An August New York Times profile illuminated the hurdles that Harris has faced in the West Wing. No doubt, like former President Obama, she relied on hypervigilance in her role: “Deliberate and disciplined, cautious and at times risk averse,” the Times reported, “she saw trapdoors around her and wanted to avoid them. She considered herself a team player, but could not always be sure the team had her best interests at heart.”
Ron Klain, Biden’s former chief of staff who left last year, divulged more than he realized when he told the Times that, although the West Wing honchos wanted Harris to succeed, “We just didn’t find the path to do it.” It’s an admission that speaks volumes about the casual misogynoir that Black women endure, from the White House to the warehouse, which undervalues their competencies.
Like Shirley Chisholm, Jesse Jackson, and Barack Obama, Harris has deployed hope to prick the American conscience for its failures to deliver on the nation’s promises.

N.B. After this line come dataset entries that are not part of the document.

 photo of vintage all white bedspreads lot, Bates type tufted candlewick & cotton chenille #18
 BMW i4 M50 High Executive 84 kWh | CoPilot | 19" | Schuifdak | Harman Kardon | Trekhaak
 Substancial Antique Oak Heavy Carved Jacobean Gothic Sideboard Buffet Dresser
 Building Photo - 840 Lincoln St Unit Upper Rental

Tasked with an assignment that would sap the strengths of a seasoned regional expert, Harris dutifully took up the issue of immigration and the southern border. (Though she had some experience in California with border issues, it was entirely in the context of law enforcement and transnational gangs.) She made the best of it, as many women do when given a “no-win” assignment that they can’t refuse. Her achievements on job creation in Guatemala, Honduras, and El Salvador were mixed at best. “Not a huge amount, but it ain’t chicken feed and that links to jobs,” a former Clinton administration official has concluded.
Only in the aftermath of the Supreme Court’s disastrous Dobbs abortion decision did the West Wing settle on a portfolio matched to Harris’s strengths.

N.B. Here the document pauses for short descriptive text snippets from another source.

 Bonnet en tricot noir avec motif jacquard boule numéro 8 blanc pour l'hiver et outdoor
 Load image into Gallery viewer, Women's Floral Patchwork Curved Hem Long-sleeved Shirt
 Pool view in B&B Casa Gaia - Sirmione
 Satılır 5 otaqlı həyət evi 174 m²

Rep. Shirley Chisholm, the first Black woman to serve in Congress, sought the Democratic presidential nomination in 1972, the first African American to do so. She wrote in her book The Good Fight, “I ran for the Presidency, despite hopeless odds, to demonstrate sheer will and refusal to accept the status quo … The next time a woman runs, or a black, a Jew or anyone from a group that the country is ‘not ready’ to elect to its highest office, I believe he or she will be taken seriously from the start.”
Most Democratic voters have embraced Harris with a deep affection that hasn’t been seen since Obama made his campaign swings in 2008. The vice president is the darling of the double-haters who didn’t want to vote for Biden or for former President Trump. Her selection of Gov. Tim Walz of Minnesota as her vice-presidential partner is very early, and so far reassuring, evidence of her political judgment.

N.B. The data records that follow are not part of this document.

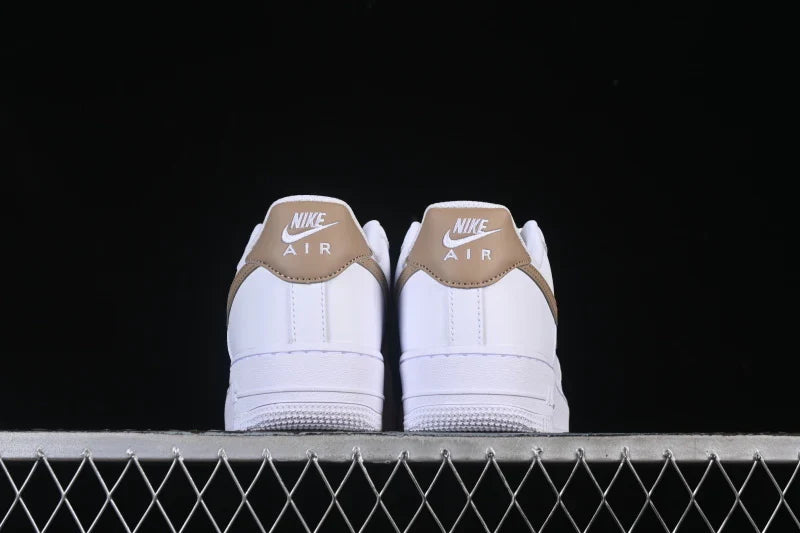 Nike Air Force 1 "White/Chocolate"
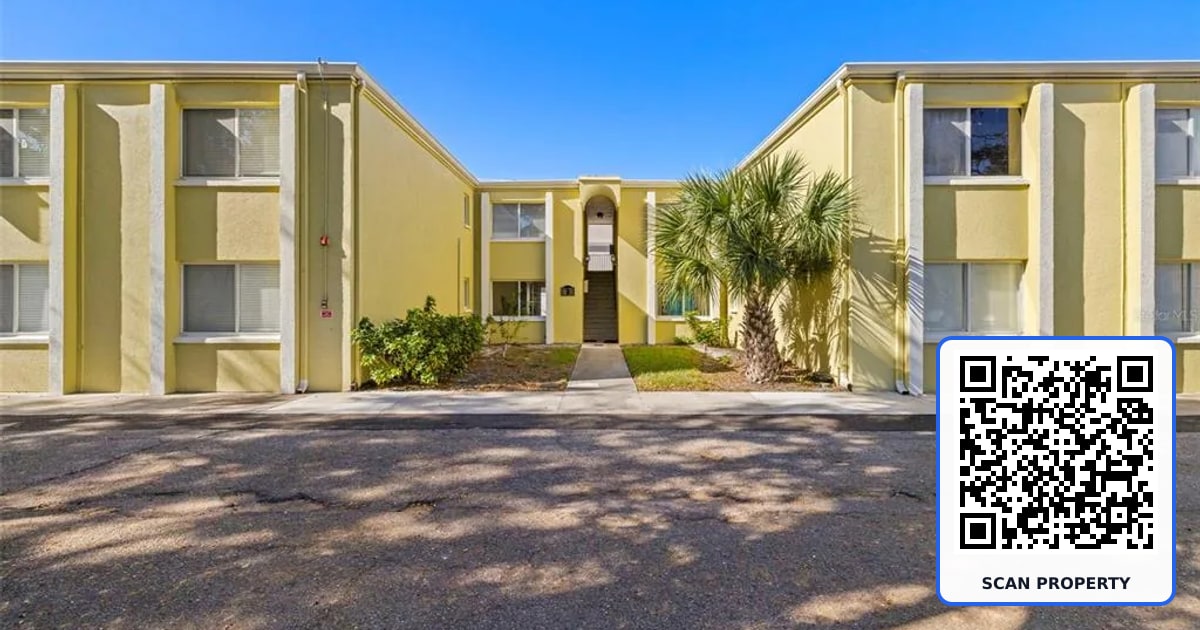 3206 W AZEELE STREET UNIT 128 property photo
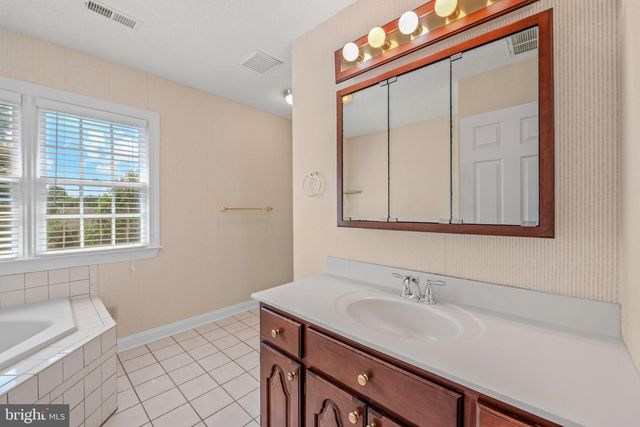 601 STREET OF DREAMS, Martinsburg, WV 25403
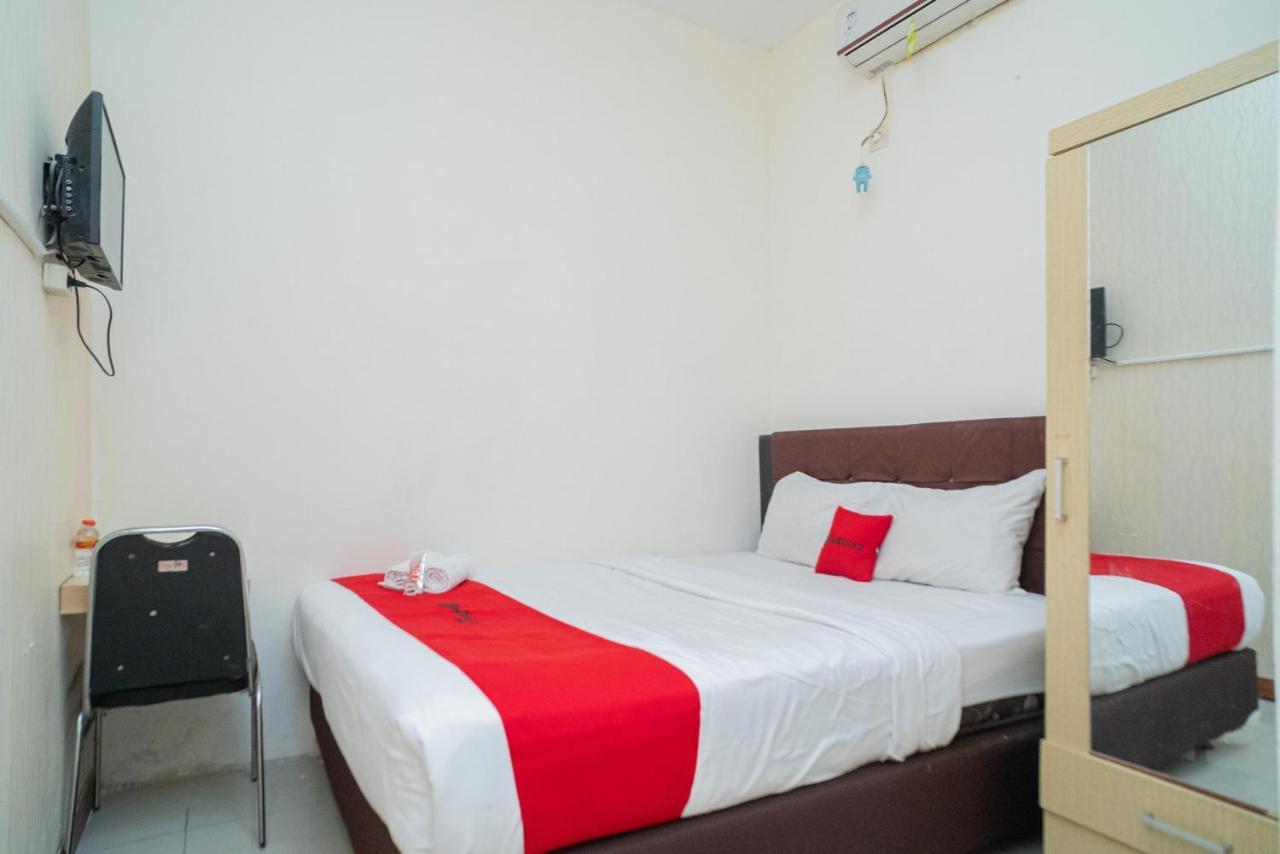 Reddoorz Near Flyover Arjosari Malang Exteriör bild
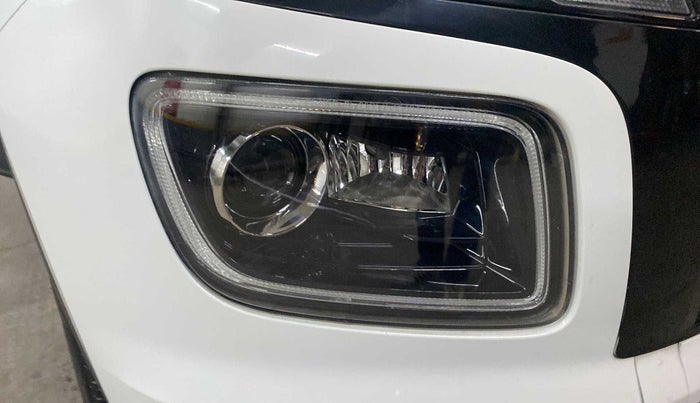 2022 Hyundai VENUE SX 1.0 (O) TURBO IMT, Petrol, Manual, 22,622 km, Right headlight - Minor scratches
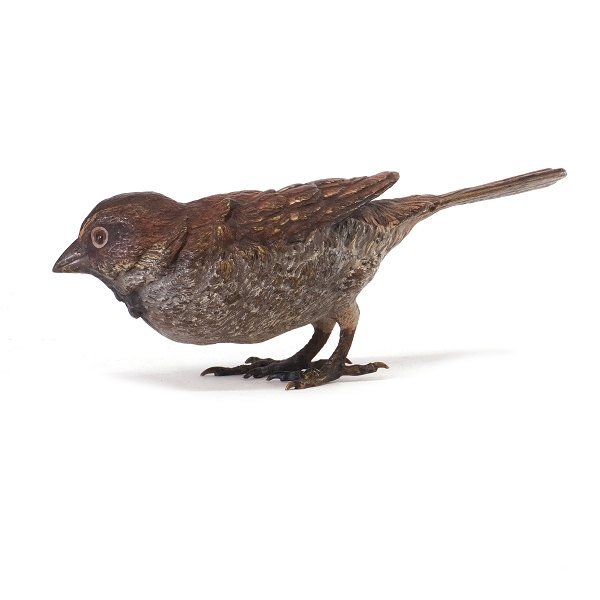Polykrom dekoreret wiener bronze i form af fugl. H: 5,5cm. L: 14cm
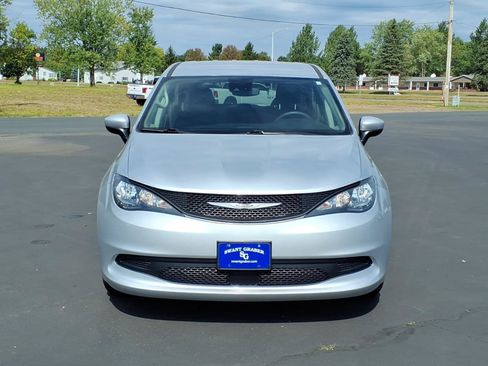 Used 2023 Chrysler Voyager LX FWD image 9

One month into her candidacy, the pummeling that Harris, the biracial daughter of immigrants, faces from Trump and his surrogates indicates that she is being taken very seriously. The insults about her intelligence, physical appearance, lineage, and loyalties will continue to fly, as misinformation and disinformation surges, and a phalanx of lawyers gear up for the rough months ahead. Michelle Obama may have underlined the exhilaration of “being on the cusp of a brighter day,” but she also has experienced “the dimming of … hope” and “a palpable sense of dread about the future.”
Like Shirley Chisholm, Jesse Jackson, and Barack Obama, Harris has deployed hope to prick the American conscience for its failures to deliver on the promises etched on the faded parchments sealed in glass cases in the nation’s capital. Jackson, the ailing preacher and social justice activist who was honored for his legacy at the Chicago convention earlier this week, deployed hope at the Democratic convention in 1988, after his vibrant yet unsuccessful bid for the Democratic presidential nomination.
“Use hope and imagination as weapons of survival and progress, but you keep on dreaming, young America. Dream of peace. Peace is rational and reasonable. War is irrational in this age, and unwinnable,” Jackson said. Near the end of his speech, he intoned, “You must not surrender. You may or may not get there but just know that you’re qualified. And you hold on, and hold out. We must never surrender. America will get better and better. Keep hope alive!” He leaned into that refrain to deafening applause—it was embraced by Black America and became a time-honored signpost of the late-20th-century condition.
Eight years into the 21st century, candidate Barack Obama relied on “hope and change” as the antidote to an economic meltdown sparked by a subprime mortgage crisis that ushered in the Great Recession, which snatched away a generation of African Americans’ hard-won wealth. As Obama insisted on exercising the powers that were his to wield, the deep and insidious resentment over his historic victory fueled the backstabbing machinations of then-Senate Majority Leader Mitch McConnell and stoked one of fiercest racial backlashes in American history, setting in motion the surreal matchup between Harris and Trump. The results of the fall election could propel or snuff out the Third Reconstruction.
The next months are full of perils. In opening the Pandora’s box and unleashing the evils that once had been damped down, if not stamped out, in America, the Republican Party has fiddled with forces that are outrunning their ability to corral them. Kamala Harris is as prepared as she can be, and she no doubt knows that after every vile evil escaped Pandora’s box, at the bottom was a thing called hope.